In the present exemplary embodiment, the oxygen ozone circuit 300 of the ozone generator further includes an oxygen inlet manifold 316:

the first oxygen pipeline 310 further comprises a first oxygen input channel 314, a first oxygen branch pipe 315, and a first restrictor 317, wherein oxygen is input into the first oxygen branch pipe 315 through the oxygen inlet manifold 316, and then is input into the first closed discharge chamber through the first oxygen input channel 314 and the restrictor 317;

the second oxygen pipeline 320 further comprises a second oxygen input channel 324, a second oxygen branch pipe 325 and a second restrictor 327, wherein oxygen is input into the first closed discharge chamber through the second oxygen input channel 324 after being input into the second oxygen branch pipe 325 through the oxygen inlet manifold 316 and is input into the first closed discharge chamber after being restricted by the second restrictor 317;

the ozone pipeline 330 further includes an ozone outlet channel 332, an ozone branch 333, and an ozone outlet manifold 334, and ozone generated in the first discharge gap region and the second discharge gap region is output to the ozone outlet manifold 334 through the ozone outlet channel 332 and the ozone branch 333.

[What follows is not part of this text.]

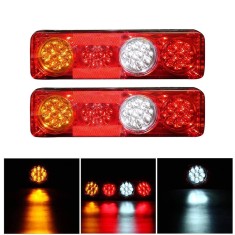Set 2 lampi led pentru remorca/camion, 12v-24v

In the embodiment of the present example, the ozone generator further comprises a first low pressure side hole 521, a second low pressure side hole 522, a third low pressure side hole 523, a fourth low pressure side hole 524, wherein:

A first low voltage side hole 521 in the first low voltage conductive element 216 and a second low voltage side hole 522 in the third electrically and thermally conductive adhesive 215 are in communication with the ozone outlet channel 332 of the third structural component 212 such that ozone generated in the first discharge gap region flows out of the ozone outlet channel 332;

the third low voltage side holes 523 in the second low voltage conductive element 226 and the fourth low voltage side holes 524 in the fourth electrically and thermally conductive adhesive 225 are in communication with the ozone outlet channel 332 of the third structural component 212 such that ozone generated in the second discharge gap region flows out of the ozone outlet channel 332.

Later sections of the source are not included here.